(Records drawn from a dataset)
◇ ◇ ◇ ◇
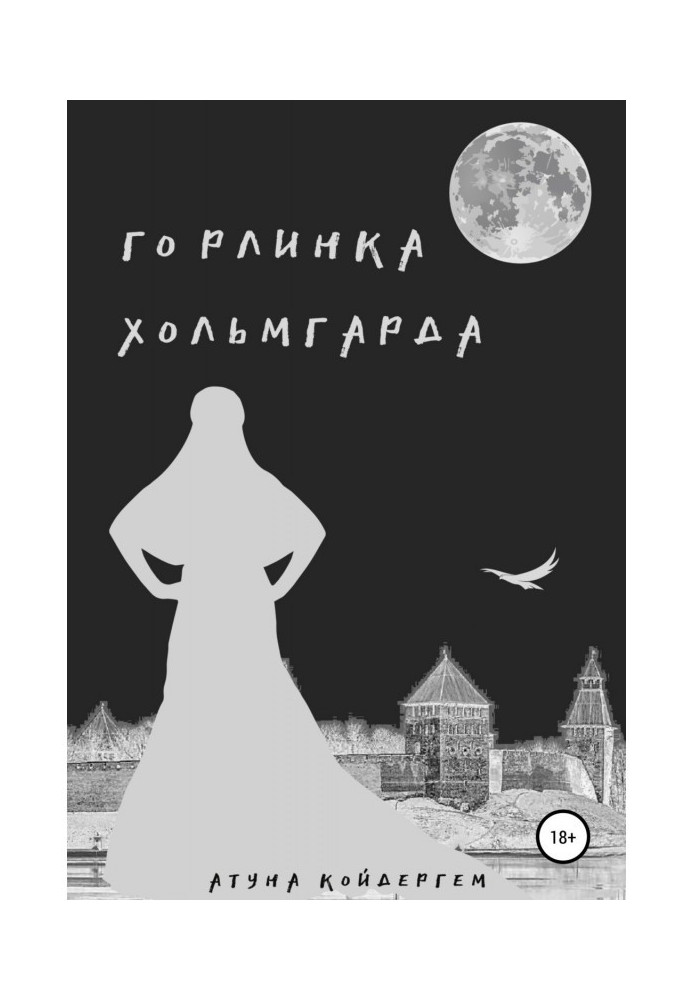 Горлинка Хольмгарда Книга 1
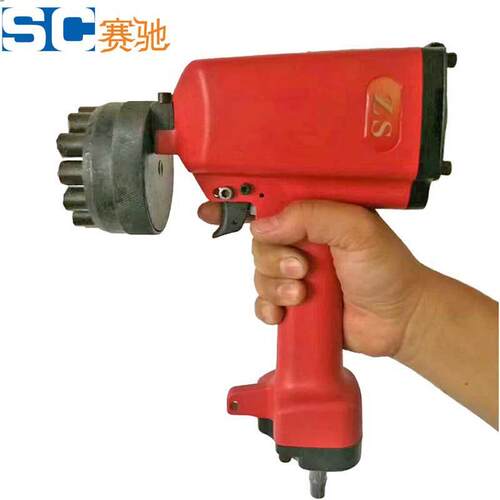手持自动打号机 赛驰牌SC-ZM10手持钢板打号机 便携式气动打号机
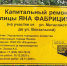 «Умные» автобусные остановки появятся в Пскове - Pln-Pskov.Ru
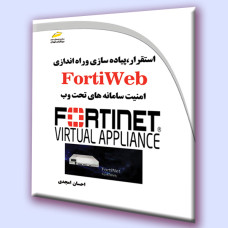 کتاب استقرار،پیاده سازی و راه اندازی FortiWeb (امنیت سامانه های تحت وب)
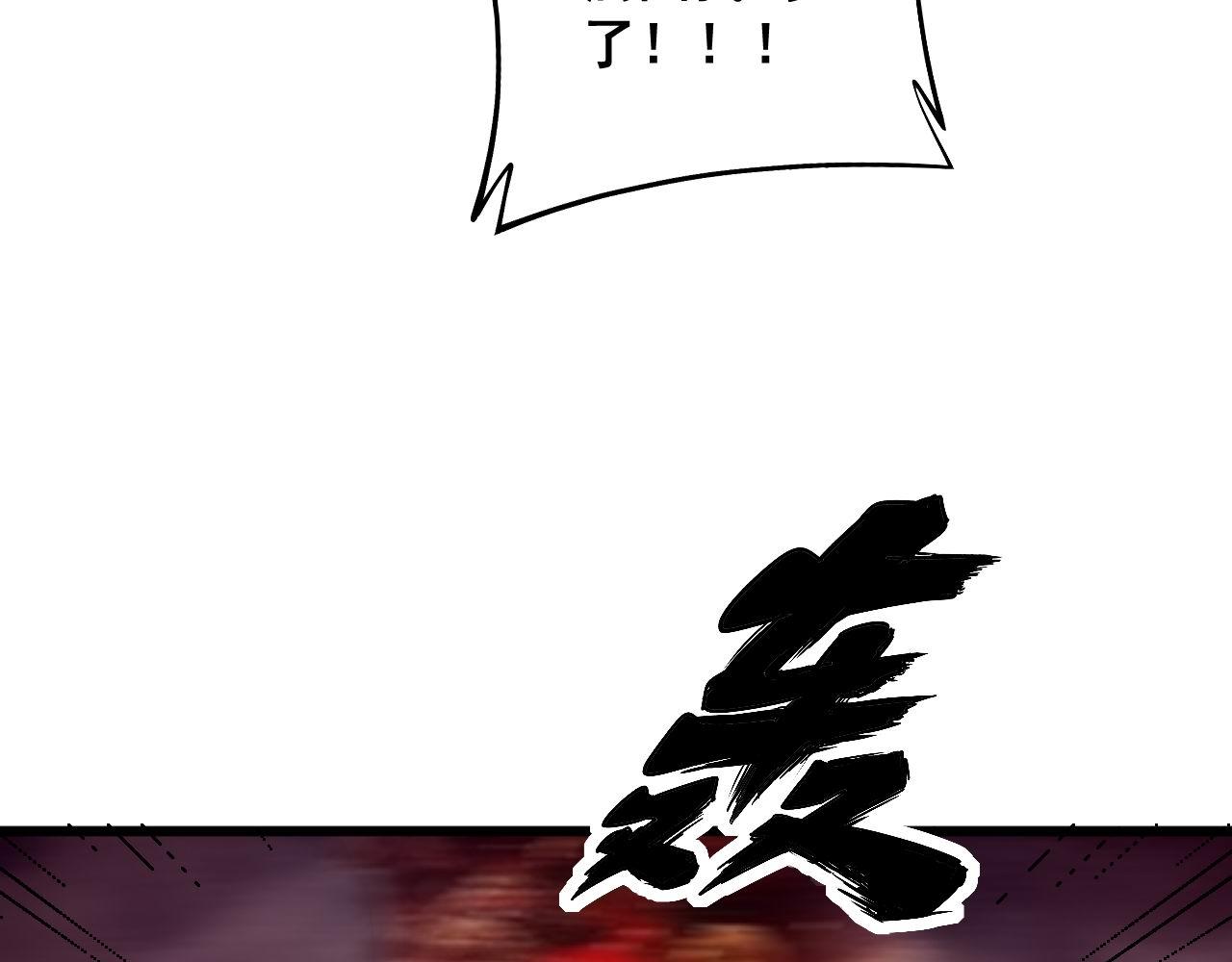 第286话 巨响6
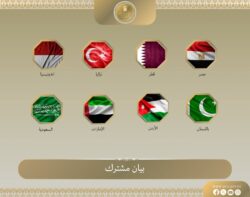 وزراء خارجية عدة دول إسلامية يدينون بشدة استمرار اقتحامات المستوطنين الإسرائيليين للمسجد الأقصى.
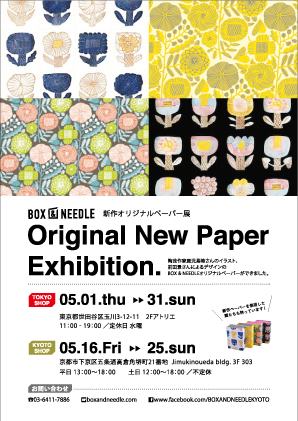 New Paper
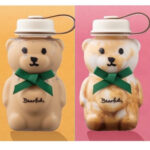 【タリーズコーヒー】くま型の限定ボトル「タリーズ ベアフル ハグミーボトル」 8/7(水)より発売!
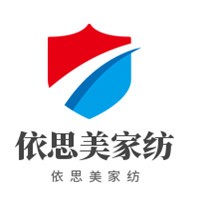 依思美家紡加盟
◇ ◇ ◇ ◇
▸ **TASK**: Please copy the data above word for word, but only from the line that contains "手持自动打号机 赛驰牌SC-ZM10手持钢板打号机 便携式气动打号机" through the final line, both included, and without the pictures.

▸ **TASK ANSWER**:
手持自动打号机 赛驰牌SC-ZM10手持钢板打号机 便携式气动打号机
 «Умные» автобусные остановки появятся в Пскове - Pln-Pskov.Ru
 کتاب استقرار،پیاده سازی و راه اندازی FortiWeb (امنیت سامانه های تحت وب)
 第286话 巨响6
 وزراء خارجية عدة دول إسلامية يدينون بشدة استمرار اقتحامات المستوطنين الإسرائيليين للمسجد الأقصى.
 New Paper
 【タリーズコーヒー】くま型の限定ボトル「タリーズ ベアフル ハグミーボトル」 8/7(水)より発売!
 依思美家紡加盟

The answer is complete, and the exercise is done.